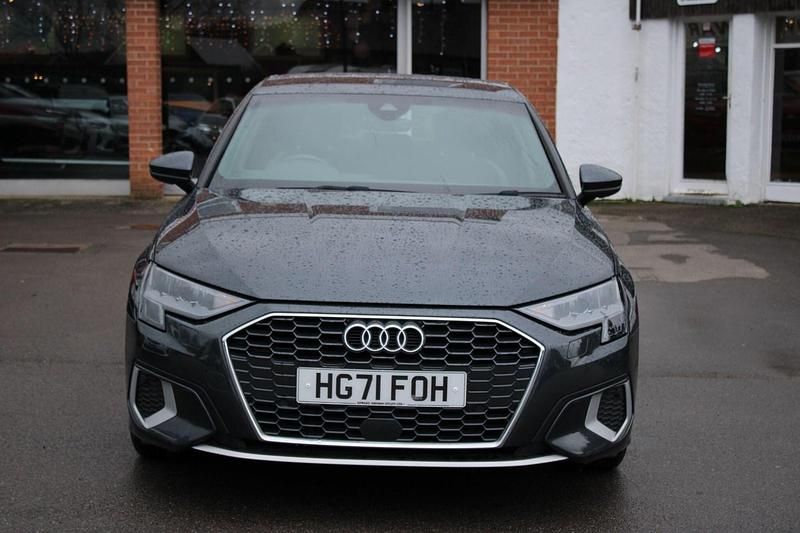 Begagnad Audi A3 Sportback e-tron Sport 2021 Grå Halvkombi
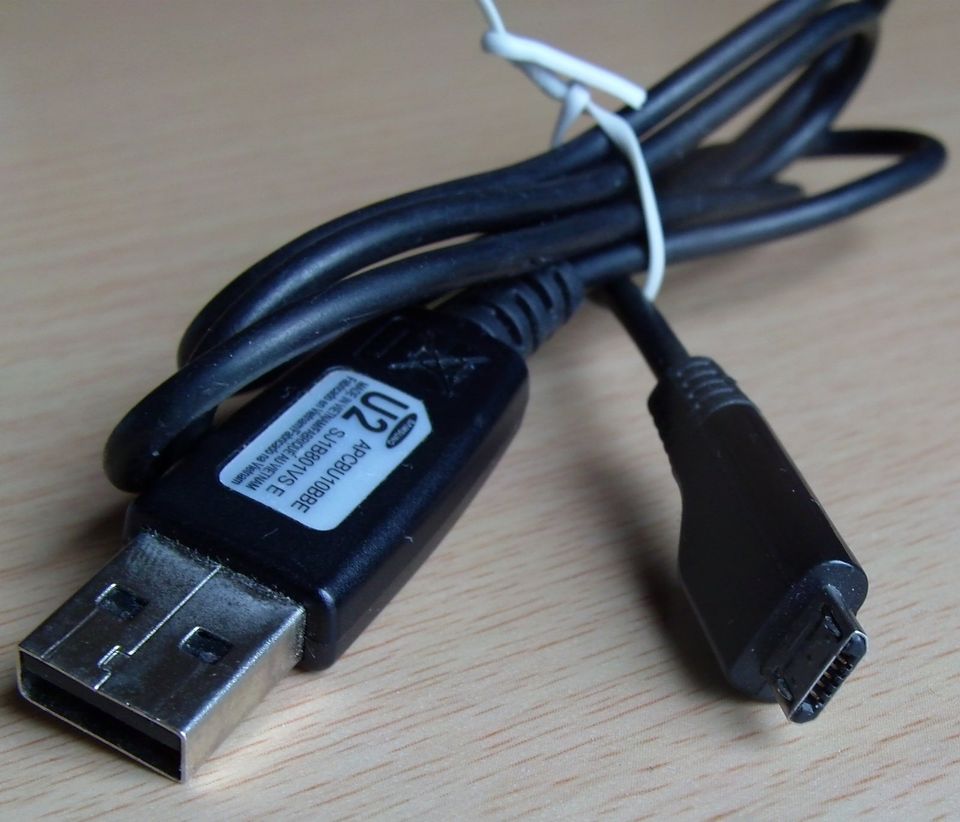 Schwarzes Kabel USB A/ Micro USB ca. 0,8m Handy Ladeanschluss in Lüdenscheid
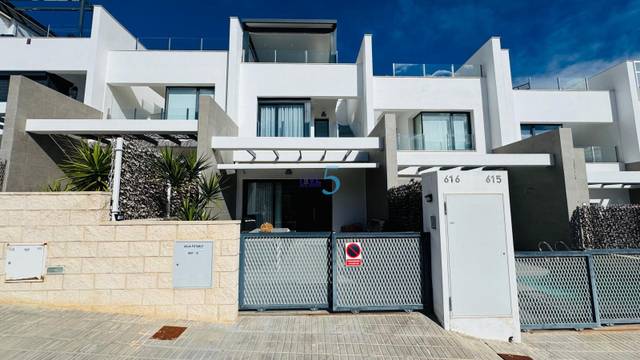 Casa adosada en Venta en Calle Bidasoa en Los Almendros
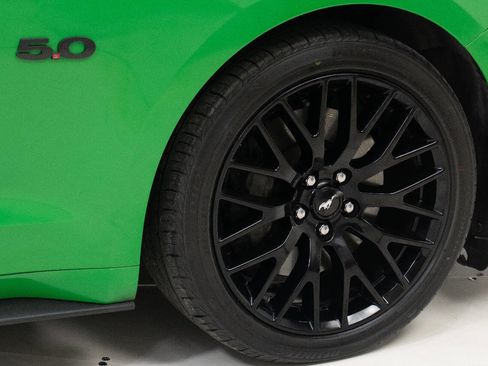 Used 2019 Ford Mustang GT image 62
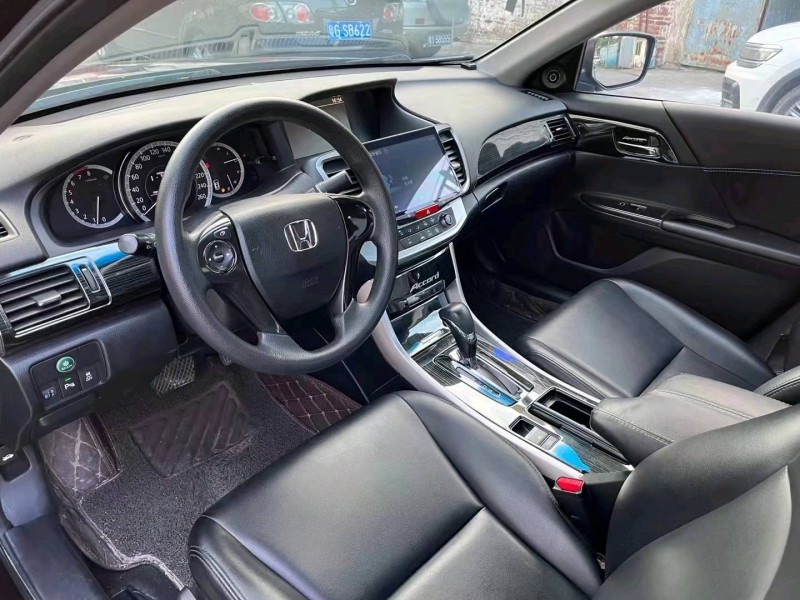 广州15年本田雅阁5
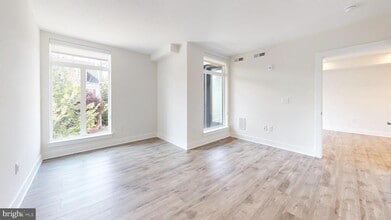 Building Photo - 701 N Henry St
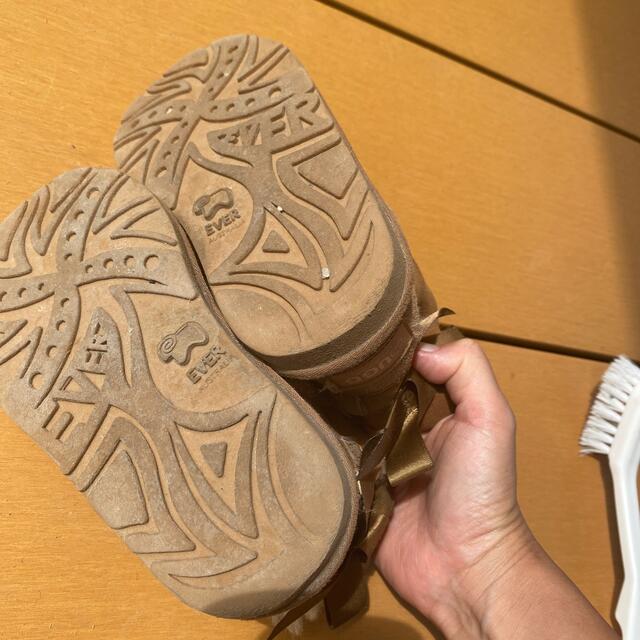 UGG(アグ)のUGG キッズ　14.5 キッズ/ベビー/マタニティのキッズ靴/シューズ(15cm~)(ブーツ)の商品写真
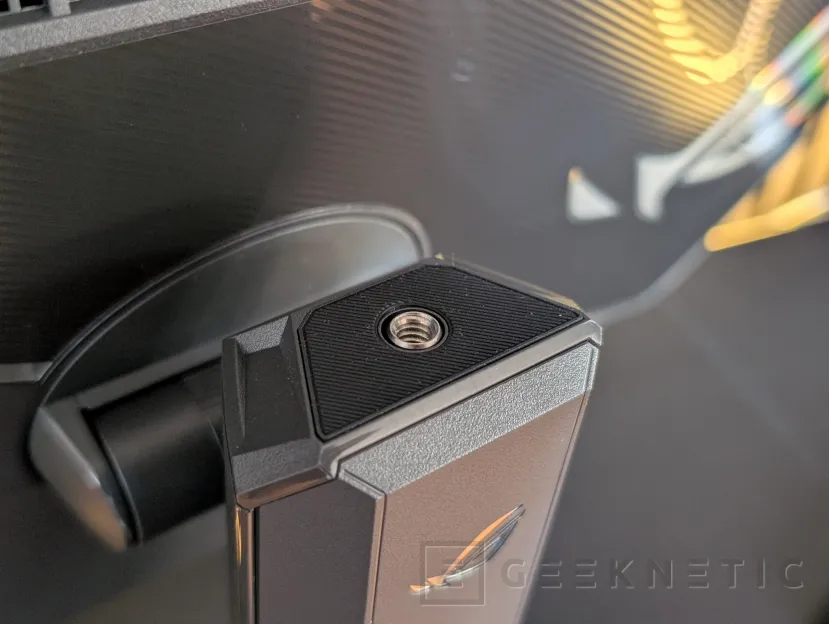 Geeknetic ASUS ROG Strix OLED XG34WCDMS Review: El monitor de 280Hz que hace más asequible la tecnología Tándem OLED con RGB Stripe 4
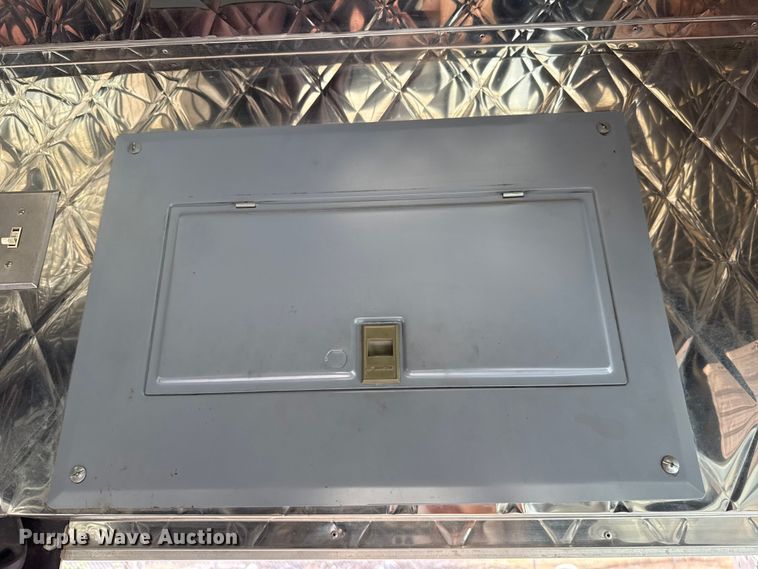 image for item ET6371 2002 Freightliner MT45 Chassis food truck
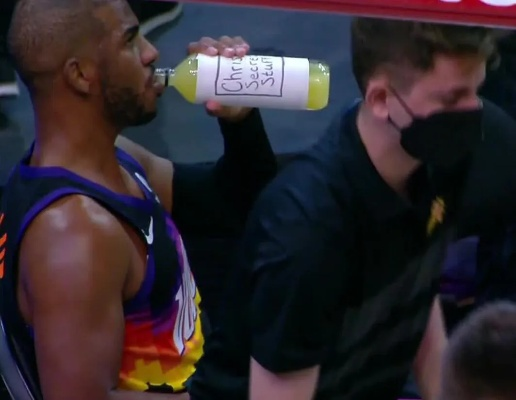 NBA球员水壶:赛场上的神秘伴侣 NBA球员水壶:赛场上的神秘伴侣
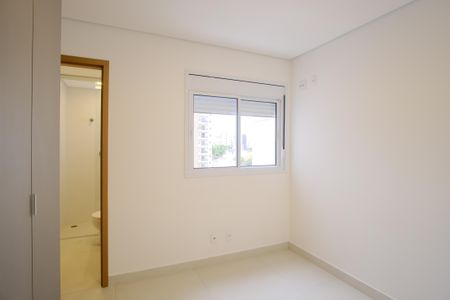 Apartamento para alugar com 81m², 2 quartos e 2 vagasSuíte 2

▶ PROBLEM:
What is needed is an exact copy of every line from the one with "Schwarzes Kabel USB" to the end of the listing above, with the pictures left out.

▶ RESPONSE BELOW:
 Schwarzes Kabel USB A/ Micro USB ca. 0,8m Handy Ladeanschluss in Lüdenscheid
 Casa adosada en Venta en Calle Bidasoa en Los Almendros
 Used 2019 Ford Mustang GT image 62
 广州15年本田雅阁5
 Building Photo - 701 N Henry St
 UGG(アグ)のUGG キッズ　14.5 キッズ/ベビー/マタニティのキッズ靴/シューズ(15cm~)(ブーツ)の商品写真
 Geeknetic ASUS ROG Strix OLED XG34WCDMS Review: El monitor de 280Hz que hace más asequible la tecnología Tándem OLED con RGB Stripe 4
 image for item ET6371 2002 Freightliner MT45 Chassis food truck
 NBA球员水壶:赛场上的神秘伴侣 NBA球员水壶:赛场上的神秘伴侣
 Apartamento para alugar com 81m², 2 quartos e 2 vagasSuíte 2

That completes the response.